Again, talk to your SREs or platform engineers or, if you want to hear what it’s really like to be continually dismissed, your D&I colleagues.
5. Software systems are so complex, how could we ever hope to understand them enough to secure them?
Ask basically anyone in your engineering org whether software complexity makes their job harder, especially anyone who mumbles about Lamport clocks during architecture reviews. You think having a nation state as an adversary is bad? They’re fighting against the fundamental laws of physics.
With all due respect
In sum, cybersecurity really isn’t as esoteric and arcane a problem as we believe. Yet, I’m often met with disbelief by cyberppl that things are really that hard for their platform/infra/devops/SRE colleagues. Sometimes it feels like cybersecurity leaders and engineers think that all these teams were automagically bequeathed respect – autonomy, budget, authority – by the business.
And, in that vein, I’ve heard CISO described as “the hardest job in corporate America” and maybe it is if you’re scrambling to cover up felonies, but nearly every problem I hear security leaders complain about is mirrored on the infra and platform and SRE side of things1.
This respect must be earned. These other teams earn it by solving reliability and developer productivity challenges in clever ways. They do the hard work of thinky thinky and buildy buildy rather than foisting cumbersome policies and tools on software engineers in what I call the SSB model (for “sink or swim, bitch”)2. They don’t carve 100 security commandments into Confluence; they build patterns, frameworks, and tooling that encode the right requirements to make the better way the easier, faster way for software engineers.

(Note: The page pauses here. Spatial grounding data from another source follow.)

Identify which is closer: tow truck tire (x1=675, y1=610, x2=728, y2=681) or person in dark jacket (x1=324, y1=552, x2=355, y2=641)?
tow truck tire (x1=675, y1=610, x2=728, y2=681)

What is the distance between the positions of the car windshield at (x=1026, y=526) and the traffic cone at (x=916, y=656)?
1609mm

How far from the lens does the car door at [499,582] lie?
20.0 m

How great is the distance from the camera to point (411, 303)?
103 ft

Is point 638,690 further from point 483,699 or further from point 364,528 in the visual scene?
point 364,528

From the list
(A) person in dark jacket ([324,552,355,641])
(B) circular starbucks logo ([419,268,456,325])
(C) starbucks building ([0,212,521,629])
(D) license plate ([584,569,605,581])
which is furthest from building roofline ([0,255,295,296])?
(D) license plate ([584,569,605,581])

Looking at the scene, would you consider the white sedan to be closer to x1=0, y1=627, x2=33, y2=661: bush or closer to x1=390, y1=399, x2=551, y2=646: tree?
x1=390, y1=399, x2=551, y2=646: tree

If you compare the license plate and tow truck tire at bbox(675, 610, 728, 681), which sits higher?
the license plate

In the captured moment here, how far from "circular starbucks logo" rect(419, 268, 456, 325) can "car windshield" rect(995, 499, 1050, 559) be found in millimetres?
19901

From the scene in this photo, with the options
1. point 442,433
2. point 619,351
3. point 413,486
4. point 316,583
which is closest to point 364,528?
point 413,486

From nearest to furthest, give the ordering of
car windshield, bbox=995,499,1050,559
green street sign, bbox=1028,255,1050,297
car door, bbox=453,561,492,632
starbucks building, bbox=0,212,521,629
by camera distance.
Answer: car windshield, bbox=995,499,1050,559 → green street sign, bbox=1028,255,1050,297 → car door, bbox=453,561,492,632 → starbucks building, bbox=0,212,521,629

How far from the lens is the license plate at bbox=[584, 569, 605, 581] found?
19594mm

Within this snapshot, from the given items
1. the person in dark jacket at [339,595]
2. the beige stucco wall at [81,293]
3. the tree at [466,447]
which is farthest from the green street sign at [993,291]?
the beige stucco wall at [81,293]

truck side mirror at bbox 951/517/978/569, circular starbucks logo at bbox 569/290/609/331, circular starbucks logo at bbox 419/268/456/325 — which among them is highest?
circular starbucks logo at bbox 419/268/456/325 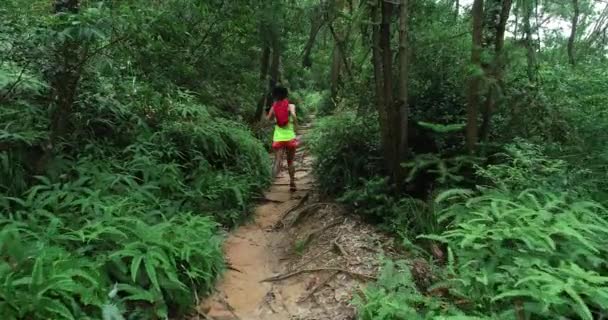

If cybersecurity wants to earn similar respect, it can’t keep roadblocking and gatekeeping software. It can’t pretend like security failure is so distinct in importance and impact that it requires completely separate workflows, stacks, reviews, tooling, design, and basically everything else. Attackers accessing our systems without our consent is one type of failure, but not the only kind. Reliability failures are arguably both more frequent and more damaging when they occur; developer productivity failures can mean the difference between successful market differentiation and losing market share.
Resilience, not roadblocks
This is precisely why I emphasize software resilience, because it encompasses our reliability and cybersecurity concerns. It’s about our goal outcome: we want systems that can adapt to failures and opportunities alike in an ever-changing world. Those failures can be borne by cyberattackers or by performance bugs or a broken developer experience (DX) – the difference really doesn’t matter as much as we think.
The common “enemy” is unintended behavior. Indeed, it is our ancient archnemesis, the eternal foe that formal methods could not vanquish. Having separate pipelines, observability stacks, or review processes for every contributing factor to unintended behavior would be an operational disaster, and yet cybersecurity insists on precisely this for itself.
It really doesn’t make sense for cybersecurity to have its own special snowflake process for things. It does not make sense operationally, philosophically, or socially. It does not make sense to sustain systems resilience. And it even does not make sense for software security.
If we want to sustain resilience at scale, then we should brainstorm strategies to improve system resilience across failures. In a practical sense, it doesn’t matter whether a service goes down due to a performance bug or an attacker exploiting a security bug; the outcome to the business is lost revenue either way.
For example, a queue or message broker could help us restore service health in either scenario3. Should we ignore this design-based solution in favor of the security team needing to review and approve every single software release because it potentially has exploitable bugs and now the backlog is at least six months long which leads to larger batch sizes by software engineers which leads to higher failures rates and by the Eight Divines4, why does anyone actually think this is an okay state of affairs? The empire building may feel good, but it’s bad for everyone.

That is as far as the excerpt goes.